• [Required work]
The response should consist of every line below, restated exactly, with no pictures.
───── Provided records
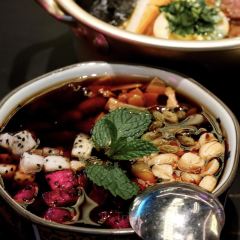 雲小骚·瓦片烧烤(刘宅店) User Photo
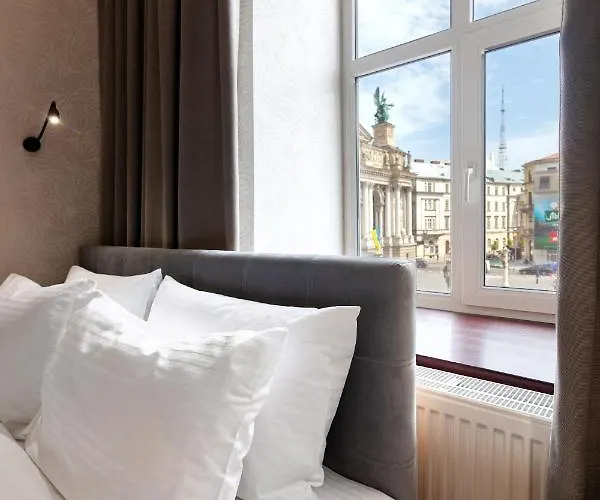 Апартаменты Alfa Svobody 39 *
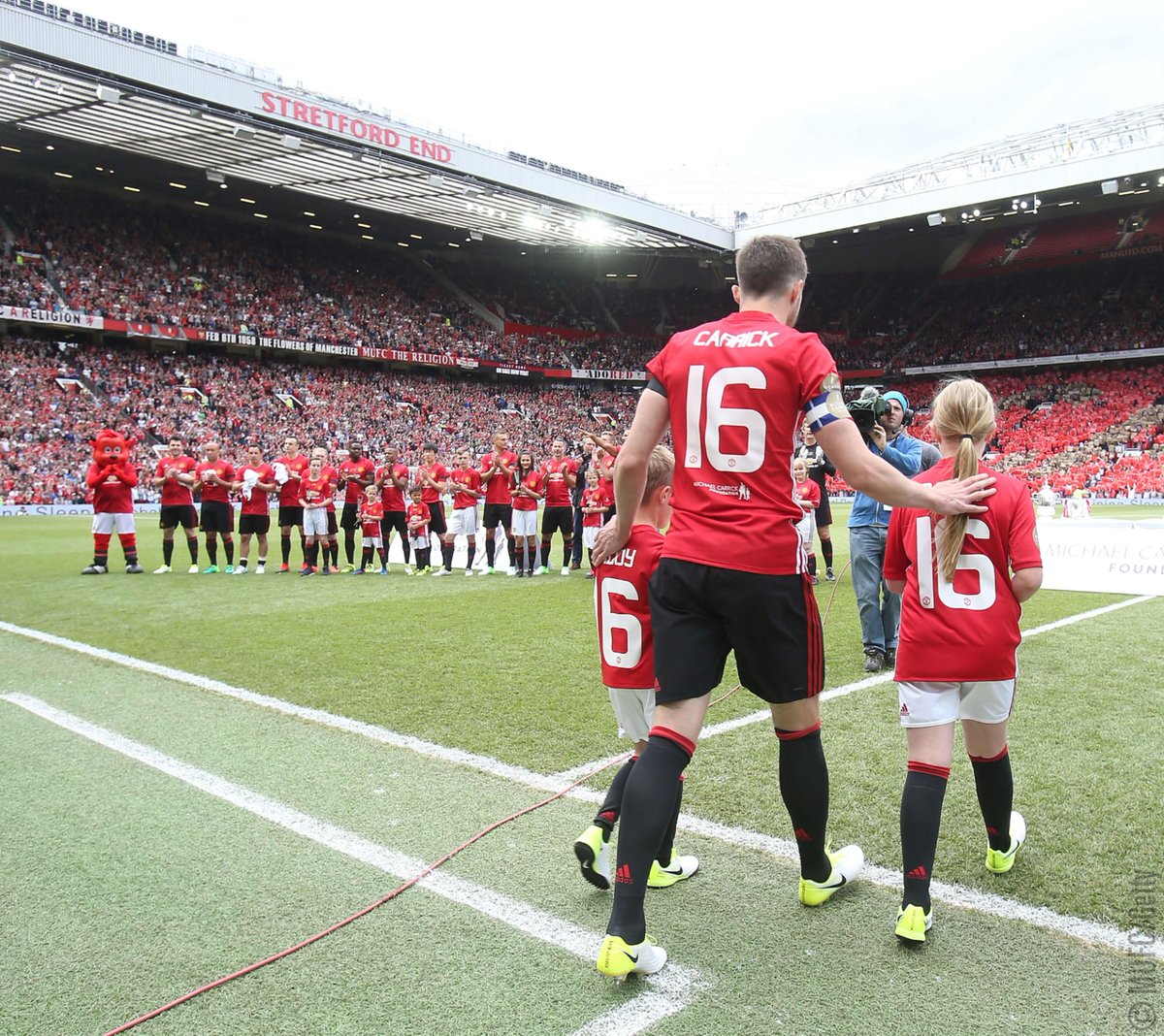 ManUtd's tweet photo. Happy Father's Day from everyone at #MUFC! 👨‍👧‍👦 https://t.co/XdpT9pJm3E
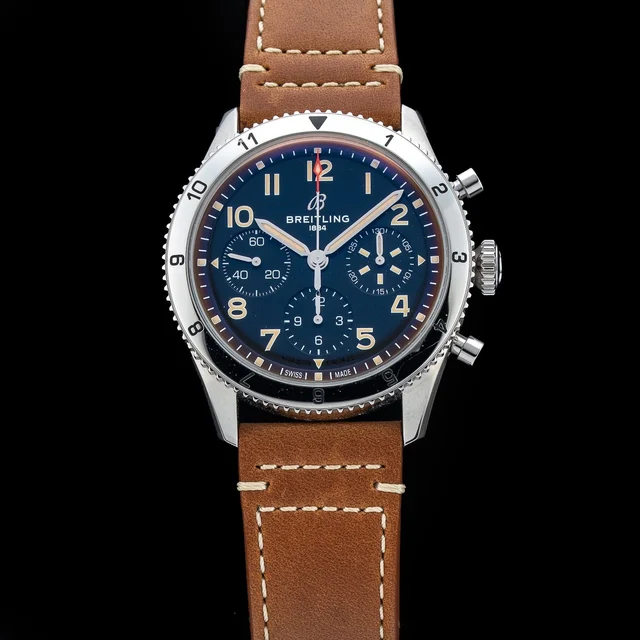 Breitling Classic AVI Chronograph 42 A233803A1B1X1 210009N36309 kol saati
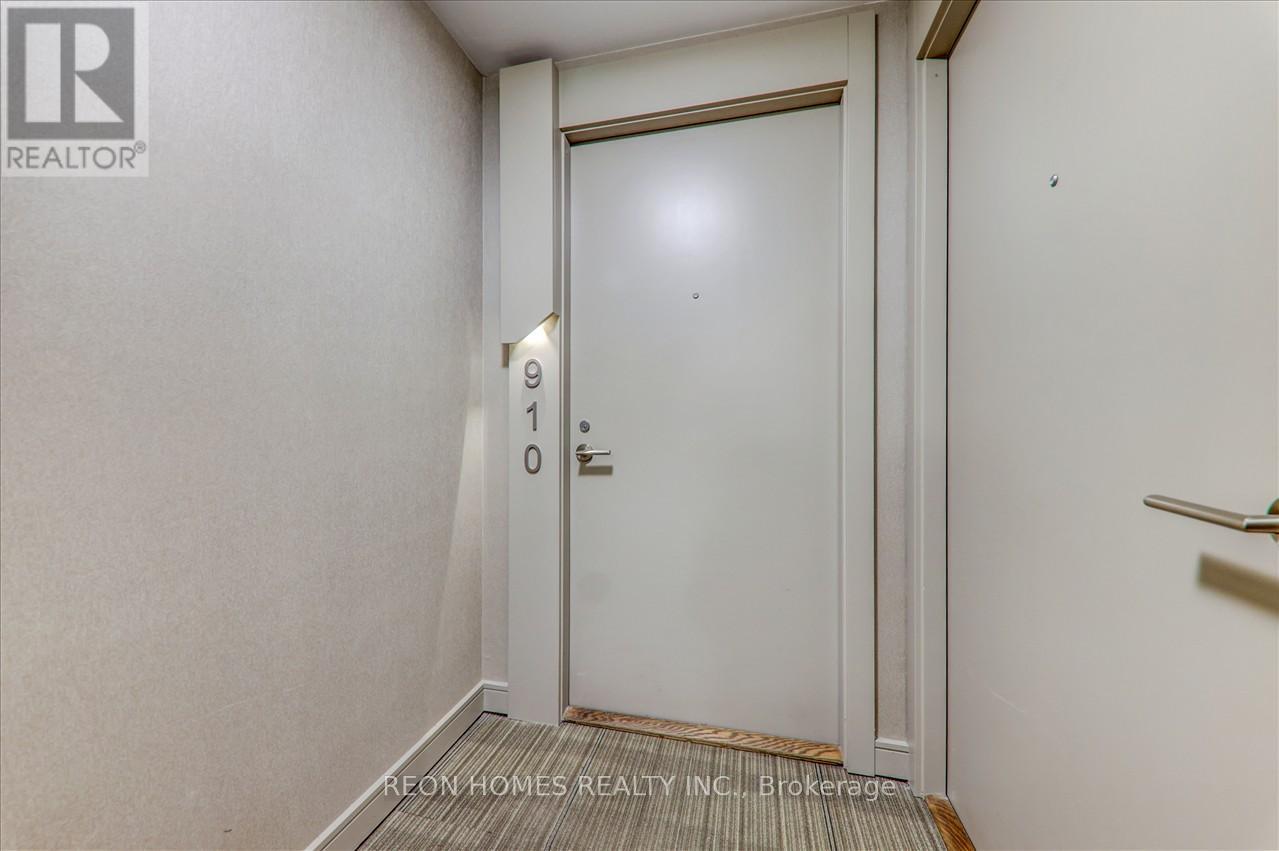 910 - 2 Sonic Way, Toronto, Ontario  M3C 0P2 - Photo 5 - C13723132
──────────
• [Result for this task]
 雲小骚·瓦片烧烤(刘宅店) User Photo
 Апартаменты Alfa Svobody 39 *
 ManUtd's tweet photo. Happy Father's Day from everyone at #MUFC! 👨‍👧‍👦 https://t.co/XdpT9pJm3E
 Breitling Classic AVI Chronograph 42 A233803A1B1X1 210009N36309 kol saati
 910 - 2 Sonic Way, Toronto, Ontario  M3C 0P2 - Photo 5 - C13723132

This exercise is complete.